Not-so-big bad Wolfe (cont.)
Posted: Tuesday February 27, 2007 5:49PM; Updated: Tuesday February 27, 2007 9:27PM
Which team will view Wolfe as something more than just a small back from a small conference (Mid-American Conference)? Which one will find value in how big he has come up in his career when he was pitted against some of the better defenses in college football, like when he ran for 171 yards in NIU's 2006 opener against Ohio State, or dented Michigan for 148 yards, including a 76-yard touchdown burst, in the Huskies' 2005 opener? Which one will decide that 5,176 yards rushing and 57 touchdowns in his three seasons of college action make him at least a candidate for situational work in the NFL? After all, a change-of-pace back can wind up making more than a part-time impact, as Jones-Drew proved again last season.
Wolfe knows he can't just point league scouts toward his game tapes and leave it at that, as much as he'd like to. As impressive as his collegiate statistics are, his measurables give many within the league a ready-made reason to discount his production and downplay his potential.
"At times I do want them to do that, [just look at the tape], out of frustration,'' said Wolfe, who is unassuming and unfailingly polite. "People are entitled to their beliefs, though, and some of them feel I wouldn't have accomplished those same things playing in a bigger conference. I'm very proud of my accomplishments, but to a lot of these franchises, it doesn't mean a thing.
"My offensive line coach said it best when he said everything I've accomplished, I've accomplished with a Mid-American Conference offensive line. It wasn't like I was out there playing with a Big Ten offensive line. I wasn't running up and down the field against air. There were guys out there trying to tackle me. What I've done against the best should be my measuring stick. If you measure what I've done against the best, I think I'm in pretty elite company.''
Wolfe's calling card is his quickness and elusiveness, and a running style that seems to include having eyes behind his head. An undisclosed Senior Bowl week injury kept him from running his 40-yard dash at the Combine, but he consistently times in the low 4.4s, and did record the top showing in his running back grouping in both the three-cone drill (6.69 seconds) and the 20-yard shuttle (4.08) in Indy. He plans to run the 40 at Northern Illinois' pro day on March 21.

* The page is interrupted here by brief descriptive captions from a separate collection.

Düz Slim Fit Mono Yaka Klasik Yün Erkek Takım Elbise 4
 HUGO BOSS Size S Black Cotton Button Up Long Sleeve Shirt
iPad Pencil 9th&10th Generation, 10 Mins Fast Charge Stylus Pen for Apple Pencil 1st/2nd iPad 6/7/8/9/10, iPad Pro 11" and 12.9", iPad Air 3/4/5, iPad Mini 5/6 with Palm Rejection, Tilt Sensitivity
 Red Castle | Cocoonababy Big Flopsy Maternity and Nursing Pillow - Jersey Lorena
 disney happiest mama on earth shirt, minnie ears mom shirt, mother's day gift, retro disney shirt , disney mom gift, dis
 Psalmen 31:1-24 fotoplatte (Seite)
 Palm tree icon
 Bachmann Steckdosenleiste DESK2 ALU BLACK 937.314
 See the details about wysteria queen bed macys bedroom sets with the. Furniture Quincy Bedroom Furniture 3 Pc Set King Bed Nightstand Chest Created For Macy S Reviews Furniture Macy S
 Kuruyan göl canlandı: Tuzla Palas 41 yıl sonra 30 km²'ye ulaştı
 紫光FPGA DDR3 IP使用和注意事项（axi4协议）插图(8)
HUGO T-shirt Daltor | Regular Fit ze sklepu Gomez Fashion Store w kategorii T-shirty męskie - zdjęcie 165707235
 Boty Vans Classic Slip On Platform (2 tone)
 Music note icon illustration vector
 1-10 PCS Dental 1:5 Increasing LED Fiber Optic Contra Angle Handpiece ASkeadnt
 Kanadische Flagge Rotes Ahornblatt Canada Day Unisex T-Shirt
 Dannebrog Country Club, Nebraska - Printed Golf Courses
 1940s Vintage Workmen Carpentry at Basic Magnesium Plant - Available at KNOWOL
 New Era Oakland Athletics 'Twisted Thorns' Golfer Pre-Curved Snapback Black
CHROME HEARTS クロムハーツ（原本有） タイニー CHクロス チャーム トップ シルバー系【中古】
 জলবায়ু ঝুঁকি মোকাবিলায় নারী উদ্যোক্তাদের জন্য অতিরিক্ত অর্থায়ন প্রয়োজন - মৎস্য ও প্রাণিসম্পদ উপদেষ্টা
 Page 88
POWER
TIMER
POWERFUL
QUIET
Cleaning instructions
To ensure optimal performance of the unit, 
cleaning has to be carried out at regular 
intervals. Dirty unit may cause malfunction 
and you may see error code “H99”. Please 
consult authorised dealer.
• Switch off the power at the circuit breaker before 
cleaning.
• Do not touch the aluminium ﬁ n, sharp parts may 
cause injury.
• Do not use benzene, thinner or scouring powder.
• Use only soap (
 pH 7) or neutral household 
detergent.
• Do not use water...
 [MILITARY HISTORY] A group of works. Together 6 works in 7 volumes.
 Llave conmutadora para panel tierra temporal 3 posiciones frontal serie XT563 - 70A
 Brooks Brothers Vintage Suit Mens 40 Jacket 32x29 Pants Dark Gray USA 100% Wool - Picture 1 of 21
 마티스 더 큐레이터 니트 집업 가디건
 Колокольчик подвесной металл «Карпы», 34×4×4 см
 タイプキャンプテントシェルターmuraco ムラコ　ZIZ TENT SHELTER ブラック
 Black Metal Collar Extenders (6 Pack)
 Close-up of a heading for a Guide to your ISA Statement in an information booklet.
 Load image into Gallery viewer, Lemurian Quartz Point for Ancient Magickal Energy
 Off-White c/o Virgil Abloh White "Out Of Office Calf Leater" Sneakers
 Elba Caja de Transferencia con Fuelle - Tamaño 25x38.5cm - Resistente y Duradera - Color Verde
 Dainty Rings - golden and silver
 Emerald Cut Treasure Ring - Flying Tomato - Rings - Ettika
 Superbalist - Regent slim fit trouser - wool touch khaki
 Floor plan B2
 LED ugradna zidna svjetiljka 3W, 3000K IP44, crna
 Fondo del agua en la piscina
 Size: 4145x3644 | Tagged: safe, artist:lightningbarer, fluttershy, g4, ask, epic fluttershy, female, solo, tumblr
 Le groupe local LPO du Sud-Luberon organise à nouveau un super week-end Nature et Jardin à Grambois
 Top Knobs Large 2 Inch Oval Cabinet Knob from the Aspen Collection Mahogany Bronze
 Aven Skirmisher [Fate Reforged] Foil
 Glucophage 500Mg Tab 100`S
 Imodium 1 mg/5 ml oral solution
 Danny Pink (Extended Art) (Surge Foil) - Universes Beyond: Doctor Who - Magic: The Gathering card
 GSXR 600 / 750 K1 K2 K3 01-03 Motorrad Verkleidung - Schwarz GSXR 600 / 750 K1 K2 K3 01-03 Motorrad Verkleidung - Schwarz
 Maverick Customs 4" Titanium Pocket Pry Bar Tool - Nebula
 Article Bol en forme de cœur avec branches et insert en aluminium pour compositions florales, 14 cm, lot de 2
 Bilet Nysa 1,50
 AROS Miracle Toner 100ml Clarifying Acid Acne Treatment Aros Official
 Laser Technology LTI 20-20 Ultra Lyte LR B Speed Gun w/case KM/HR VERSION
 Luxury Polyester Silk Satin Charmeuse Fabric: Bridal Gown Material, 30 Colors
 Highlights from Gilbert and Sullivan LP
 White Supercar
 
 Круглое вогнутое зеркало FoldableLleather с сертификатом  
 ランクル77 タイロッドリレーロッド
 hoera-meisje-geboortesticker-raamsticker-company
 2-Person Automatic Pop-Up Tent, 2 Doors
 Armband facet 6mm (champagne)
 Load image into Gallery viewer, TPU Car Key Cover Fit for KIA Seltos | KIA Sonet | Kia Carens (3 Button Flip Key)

As much as Wolfe hopes Jones-Drew provided a reminder of the potential role that smaller backs can play in the NFL, the Jacksonville star is a much more physical presence than Wolfe is, with a more powerful build (5-7, 207) and running style. The 5-9, 180-pound Dunn is actually the closest to Wolfe in terms of similarity, and the Chicago native has long idolized the Falcons star.
"It's not only because we're similar in size,'' said Wolfe, who had five games of 196 rushing yards or more in 2006, including an Division I season-high 353-yard, three-touchdown day at Ball State. "He's an every-down running back. He's not a situational guy. He can carry the load and he's done that his whole life.''
There will be a key difference in Wolfe's draft story, of course. Dunn was a first-round pick of Tampa Bay's out of Florida State in 1997. Jones-Drew went in the second round to Jacksonville last year. Wolfe is projected as a second-day selection, and even he admits he's a long shot to climb into the third round. Then again, he's used to taking the long way around. He started out ninth on NIU's running back depth chart when he arrived on campus in 2002, where current Chargers running back Michael Turner was firmly entrenched as the starter.
"Me being 5-7, there's only so high a team is going to draft me any way,'' he said. "I could never be a first-round draft pick. I'm not going to be a second-round draft pick. But hopefully I could creep into the third round, or maybe be a fourth-rounder.
"I've fought from the bottom for everything. Nothing was handed to me, even the starting job at Northern Illinois. I fought for that and when opportunity knocked, I kicked down the door and took off running with it.''
How far will he get this time? Wolfe has this much going for him: In the NFL these days, shorter backs are getting a longer look.